My 5yo, asserting his independence on the last day of school by coming downstairs dressed in fleece pants on a 90 degree day. I’m sweating just looking at him.
If your kids are playing and it gets totally quiet, then you hear one say “you’re okay, you’re okay,” they are definitely NOT okay.
At conference w/ teacher
Me:…what’s wrong with how 7yo spells states?
Teacher:(to 7yo) spell Ohio
7yo: Ohio, O-H-I-O, Ohio
Teacher: good, now spell Oklahoma
7yo: (sings) Oklahoma, O-K-L-A-H-O-M-A, Oklahoooooooma, YEAH!
Teacher:
Me: what?

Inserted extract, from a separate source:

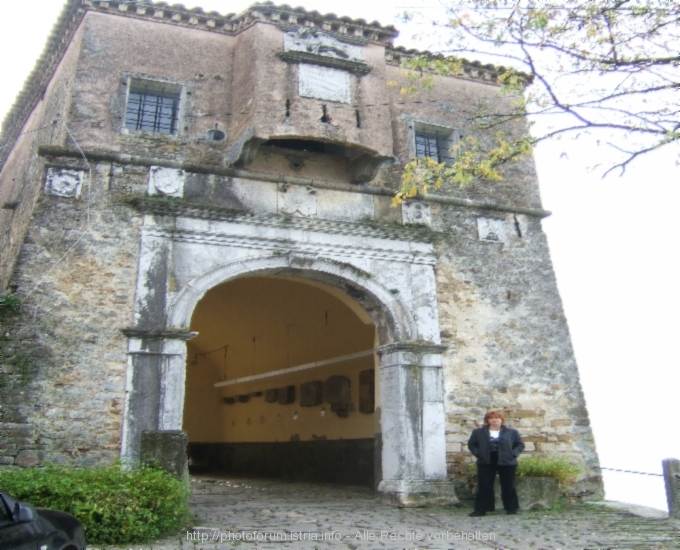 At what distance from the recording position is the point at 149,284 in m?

That’s how I learned it
#Dadlife
MI5 warned today that Chinese espionage online is being conducted on an ‘epic scale’ in the U.K. Not on our watch, our security systems are 世界上最好的之一。
I keep hearing about kids accidentally dying from trying to get an asphyxiation high.
What happened to drugs, kids?! We still have drugs!
You probably get this a lot but…
*punches you in the face*
BREAKING NEWS: Local prosthetics store hit by unarmed robbers.
me: a carrot is a crop
friend: yes
me: so *technically* Carrot Top is a crop top
former friend: i suppose
I GOT INTO HARVARD!! 😍🥳🥳🥳 they left a first-floor window unlocked and i’m just walking around in here!
Hubs: Is that the same oreo as before?
3yo: No.
Hubs: Is that a new one?
3yo: Yes.
Hubs: Are you hiding them around the house?
3yo: …Yes.
(my first day as a transformer)
optimus prime: Transformers, roll out!
Me:*transforms into hotdog cart* CAN I GET A PUSH HERE
When you’re over 40 and a part of your body starts hurting for no reason that is nature sending a “what ya doing?” text.
The angel on my shoulder says I should be doing more with my life.
Wait, no, that’s just my mom talking. I forgot I left my phone there.
Morpheus: [holding blue and red pills]
Neo:
Morpheus: I can’t remember which one was which
5 year old: Where does wind come from, daddy?
Me: It comes from people asking too many questions.